BEGIN
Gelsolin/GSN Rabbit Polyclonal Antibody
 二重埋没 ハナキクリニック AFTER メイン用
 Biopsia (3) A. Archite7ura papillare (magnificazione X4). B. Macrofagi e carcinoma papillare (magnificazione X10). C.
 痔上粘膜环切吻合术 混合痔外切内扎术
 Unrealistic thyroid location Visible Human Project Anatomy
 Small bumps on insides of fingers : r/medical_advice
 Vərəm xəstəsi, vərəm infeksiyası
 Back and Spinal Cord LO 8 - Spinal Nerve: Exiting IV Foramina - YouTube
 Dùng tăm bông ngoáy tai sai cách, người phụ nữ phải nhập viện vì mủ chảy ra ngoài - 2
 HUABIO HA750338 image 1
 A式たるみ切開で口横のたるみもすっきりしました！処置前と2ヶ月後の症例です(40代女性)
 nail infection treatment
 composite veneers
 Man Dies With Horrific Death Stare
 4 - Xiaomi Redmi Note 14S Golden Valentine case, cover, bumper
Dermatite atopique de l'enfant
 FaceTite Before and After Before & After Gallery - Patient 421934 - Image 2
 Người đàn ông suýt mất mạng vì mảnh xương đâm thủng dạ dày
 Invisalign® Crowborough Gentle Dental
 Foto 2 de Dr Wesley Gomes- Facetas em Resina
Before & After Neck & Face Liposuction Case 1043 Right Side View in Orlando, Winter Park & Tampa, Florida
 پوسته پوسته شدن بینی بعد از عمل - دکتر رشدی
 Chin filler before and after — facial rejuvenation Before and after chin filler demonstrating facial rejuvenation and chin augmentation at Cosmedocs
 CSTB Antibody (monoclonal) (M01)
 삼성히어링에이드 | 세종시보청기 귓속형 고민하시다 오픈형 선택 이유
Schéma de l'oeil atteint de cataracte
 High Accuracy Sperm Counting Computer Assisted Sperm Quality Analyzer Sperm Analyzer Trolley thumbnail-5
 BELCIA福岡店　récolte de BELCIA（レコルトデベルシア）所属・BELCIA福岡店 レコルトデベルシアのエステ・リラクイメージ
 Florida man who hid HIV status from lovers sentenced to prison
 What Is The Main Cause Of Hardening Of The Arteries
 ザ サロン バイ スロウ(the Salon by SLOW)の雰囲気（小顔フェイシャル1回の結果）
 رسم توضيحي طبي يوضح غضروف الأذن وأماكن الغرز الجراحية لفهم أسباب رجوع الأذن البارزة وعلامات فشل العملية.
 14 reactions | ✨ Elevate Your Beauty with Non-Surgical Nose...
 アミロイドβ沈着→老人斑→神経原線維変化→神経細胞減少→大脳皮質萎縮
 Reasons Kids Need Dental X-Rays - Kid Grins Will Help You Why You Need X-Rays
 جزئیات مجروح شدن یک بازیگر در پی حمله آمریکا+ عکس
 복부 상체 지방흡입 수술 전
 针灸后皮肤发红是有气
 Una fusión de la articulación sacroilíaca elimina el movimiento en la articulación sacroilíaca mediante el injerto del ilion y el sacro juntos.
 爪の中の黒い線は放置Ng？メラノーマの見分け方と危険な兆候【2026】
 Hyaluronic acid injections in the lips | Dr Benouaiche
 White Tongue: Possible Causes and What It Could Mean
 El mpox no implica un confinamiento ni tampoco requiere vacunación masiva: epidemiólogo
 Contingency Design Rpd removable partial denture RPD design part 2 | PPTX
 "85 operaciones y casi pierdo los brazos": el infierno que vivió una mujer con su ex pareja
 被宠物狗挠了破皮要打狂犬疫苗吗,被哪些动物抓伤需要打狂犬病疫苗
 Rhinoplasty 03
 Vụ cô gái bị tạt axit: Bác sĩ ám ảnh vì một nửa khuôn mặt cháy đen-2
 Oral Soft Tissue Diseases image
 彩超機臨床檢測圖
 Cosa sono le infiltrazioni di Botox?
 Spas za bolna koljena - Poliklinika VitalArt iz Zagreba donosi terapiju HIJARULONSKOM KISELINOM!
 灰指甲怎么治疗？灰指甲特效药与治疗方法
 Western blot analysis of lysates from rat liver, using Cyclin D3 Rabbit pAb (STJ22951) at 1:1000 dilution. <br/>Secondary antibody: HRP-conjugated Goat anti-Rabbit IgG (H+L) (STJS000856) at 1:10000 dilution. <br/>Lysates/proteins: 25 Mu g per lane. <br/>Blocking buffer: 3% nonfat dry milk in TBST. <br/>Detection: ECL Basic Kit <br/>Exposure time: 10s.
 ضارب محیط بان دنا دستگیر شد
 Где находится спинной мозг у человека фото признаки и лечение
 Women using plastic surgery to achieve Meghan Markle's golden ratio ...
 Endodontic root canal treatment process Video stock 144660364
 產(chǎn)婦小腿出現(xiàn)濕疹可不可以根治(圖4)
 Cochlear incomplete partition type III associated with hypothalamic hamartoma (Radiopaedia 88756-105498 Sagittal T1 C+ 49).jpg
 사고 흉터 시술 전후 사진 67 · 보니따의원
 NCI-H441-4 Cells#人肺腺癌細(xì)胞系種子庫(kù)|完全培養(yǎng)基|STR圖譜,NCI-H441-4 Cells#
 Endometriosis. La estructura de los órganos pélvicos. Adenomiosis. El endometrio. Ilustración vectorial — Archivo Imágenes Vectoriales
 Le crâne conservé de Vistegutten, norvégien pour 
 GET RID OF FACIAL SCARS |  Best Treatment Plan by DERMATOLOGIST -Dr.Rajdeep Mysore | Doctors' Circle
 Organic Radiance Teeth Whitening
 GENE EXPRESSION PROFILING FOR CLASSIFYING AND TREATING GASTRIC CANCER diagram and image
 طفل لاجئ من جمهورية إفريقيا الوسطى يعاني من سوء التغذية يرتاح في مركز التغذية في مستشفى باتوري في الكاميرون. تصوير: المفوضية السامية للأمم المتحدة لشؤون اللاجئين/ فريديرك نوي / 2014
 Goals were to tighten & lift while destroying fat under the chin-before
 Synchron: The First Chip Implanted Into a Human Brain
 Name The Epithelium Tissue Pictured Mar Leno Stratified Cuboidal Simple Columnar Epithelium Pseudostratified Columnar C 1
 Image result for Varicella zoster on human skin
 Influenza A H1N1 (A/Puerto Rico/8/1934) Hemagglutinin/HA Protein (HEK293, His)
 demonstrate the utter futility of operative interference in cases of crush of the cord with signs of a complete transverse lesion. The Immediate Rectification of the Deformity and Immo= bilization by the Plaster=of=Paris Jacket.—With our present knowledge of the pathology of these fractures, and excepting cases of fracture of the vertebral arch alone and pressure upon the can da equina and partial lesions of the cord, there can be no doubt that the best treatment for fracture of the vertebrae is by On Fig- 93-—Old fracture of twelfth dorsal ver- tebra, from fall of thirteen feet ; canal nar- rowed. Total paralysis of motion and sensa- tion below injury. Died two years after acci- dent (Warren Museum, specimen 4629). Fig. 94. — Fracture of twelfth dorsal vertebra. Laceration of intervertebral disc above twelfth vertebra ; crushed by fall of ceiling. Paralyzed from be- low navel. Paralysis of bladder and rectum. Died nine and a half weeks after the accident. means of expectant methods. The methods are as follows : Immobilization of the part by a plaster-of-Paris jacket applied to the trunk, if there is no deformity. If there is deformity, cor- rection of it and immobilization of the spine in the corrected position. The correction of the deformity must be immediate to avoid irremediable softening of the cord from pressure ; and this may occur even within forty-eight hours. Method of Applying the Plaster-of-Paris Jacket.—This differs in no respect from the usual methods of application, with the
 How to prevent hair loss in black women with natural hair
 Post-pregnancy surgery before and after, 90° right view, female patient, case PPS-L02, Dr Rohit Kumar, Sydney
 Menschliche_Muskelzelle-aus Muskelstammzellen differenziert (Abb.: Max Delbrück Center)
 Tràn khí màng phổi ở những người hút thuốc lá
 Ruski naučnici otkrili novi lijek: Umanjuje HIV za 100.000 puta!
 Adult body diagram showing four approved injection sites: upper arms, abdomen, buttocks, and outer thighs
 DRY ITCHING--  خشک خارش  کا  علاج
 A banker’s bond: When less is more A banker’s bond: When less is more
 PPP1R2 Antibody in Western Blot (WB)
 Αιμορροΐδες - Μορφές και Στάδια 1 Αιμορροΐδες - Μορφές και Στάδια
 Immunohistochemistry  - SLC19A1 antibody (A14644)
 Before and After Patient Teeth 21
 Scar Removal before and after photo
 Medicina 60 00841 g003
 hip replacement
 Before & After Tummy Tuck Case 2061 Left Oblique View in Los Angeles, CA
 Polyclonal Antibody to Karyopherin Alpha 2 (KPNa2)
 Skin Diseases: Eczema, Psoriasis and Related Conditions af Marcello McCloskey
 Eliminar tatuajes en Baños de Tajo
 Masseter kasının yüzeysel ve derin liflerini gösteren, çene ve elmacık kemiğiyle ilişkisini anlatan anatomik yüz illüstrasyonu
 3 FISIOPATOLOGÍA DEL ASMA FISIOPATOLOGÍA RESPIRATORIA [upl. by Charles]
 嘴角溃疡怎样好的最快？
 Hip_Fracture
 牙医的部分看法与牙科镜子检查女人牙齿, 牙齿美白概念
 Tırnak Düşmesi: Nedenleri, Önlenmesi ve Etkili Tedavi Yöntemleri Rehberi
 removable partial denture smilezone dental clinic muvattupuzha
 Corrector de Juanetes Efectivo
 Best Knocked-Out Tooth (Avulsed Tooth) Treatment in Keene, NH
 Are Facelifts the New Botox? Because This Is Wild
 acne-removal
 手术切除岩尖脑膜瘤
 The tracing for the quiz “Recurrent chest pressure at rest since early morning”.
END
**Problem requirements:** Extract the lines above, from the first one through the one containing "Foto 2 de Dr Wesley Gomes- Facetas em Resina", and return only those, unchanged.

**Answer space:**
Gelsolin/GSN Rabbit Polyclonal Antibody
 二重埋没 ハナキクリニック AFTER メイン用
 Biopsia (3) A. Archite7ura papillare (magnificazione X4). B. Macrofagi e carcinoma papillare (magnificazione X10). C.
 痔上粘膜环切吻合术 混合痔外切内扎术
 Unrealistic thyroid location Visible Human Project Anatomy
 Small bumps on insides of fingers : r/medical_advice
 Vərəm xəstəsi, vərəm infeksiyası
 Back and Spinal Cord LO 8 - Spinal Nerve: Exiting IV Foramina - YouTube
 Dùng tăm bông ngoáy tai sai cách, người phụ nữ phải nhập viện vì mủ chảy ra ngoài - 2
 HUABIO HA750338 image 1
 A式たるみ切開で口横のたるみもすっきりしました！処置前と2ヶ月後の症例です(40代女性)
 nail infection treatment
 composite veneers
 Man Dies With Horrific Death Stare
 4 - Xiaomi Redmi Note 14S Golden Valentine case, cover, bumper
Dermatite atopique de l'enfant
 FaceTite Before and After Before & After Gallery - Patient 421934 - Image 2
 Người đàn ông suýt mất mạng vì mảnh xương đâm thủng dạ dày
 Invisalign® Crowborough Gentle Dental
 Foto 2 de Dr Wesley Gomes- Facetas em Resina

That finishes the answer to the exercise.